=== Dataset records ===
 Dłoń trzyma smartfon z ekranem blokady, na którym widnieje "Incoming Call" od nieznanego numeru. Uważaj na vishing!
* * *
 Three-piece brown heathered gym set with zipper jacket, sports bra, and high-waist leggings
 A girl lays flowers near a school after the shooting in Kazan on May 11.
==
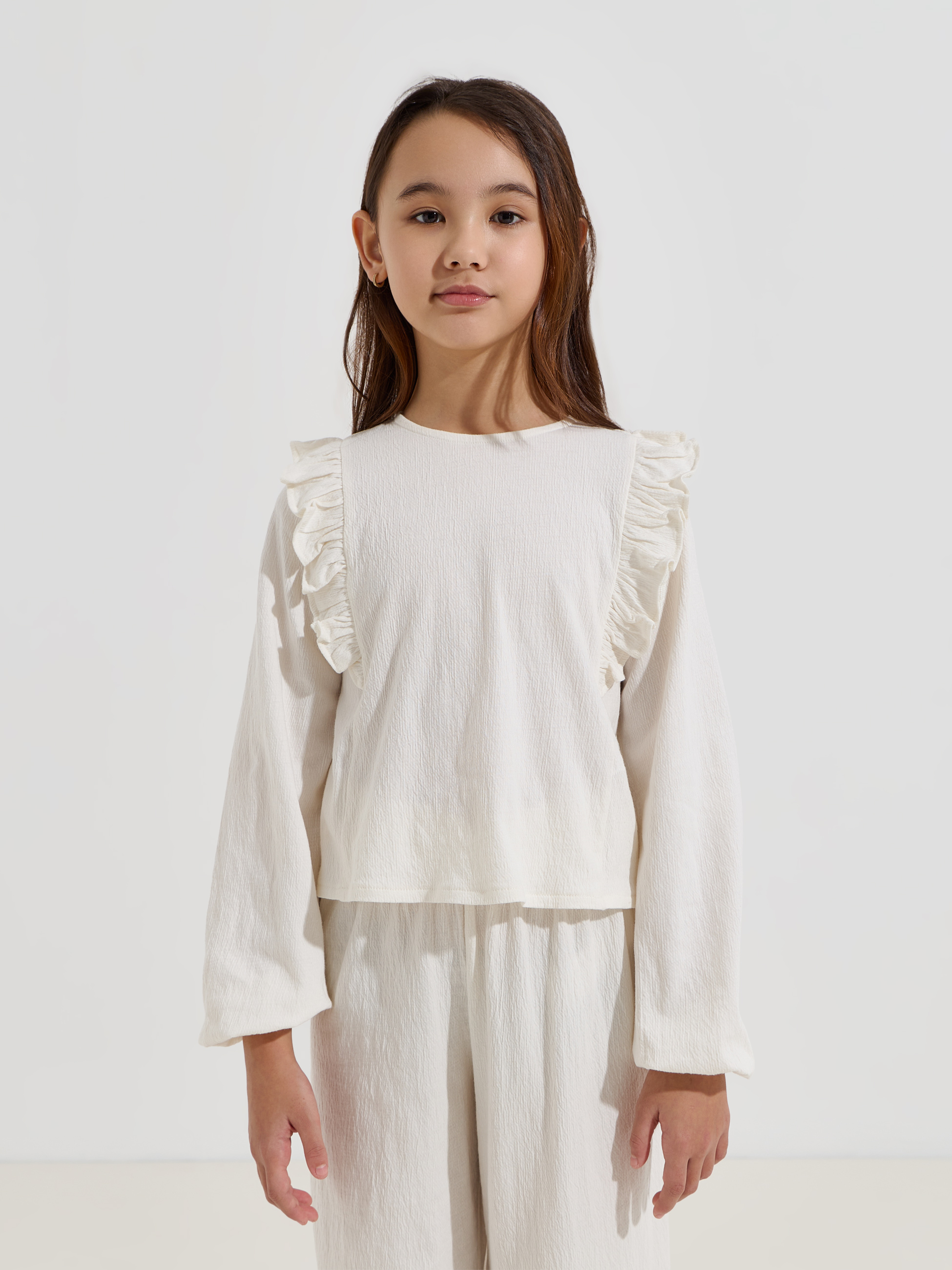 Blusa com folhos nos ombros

=== Task instructions ===
In the material above, transcribe exactly the lines beginning at the one with "Three-piece brown heathered" and ending at the one with "A girl lays", both included.

=== Finished task ===
 Three-piece brown heathered gym set with zipper jacket, sports bra, and high-waist leggings
 A girl lays flowers near a school after the shooting in Kazan on May 11.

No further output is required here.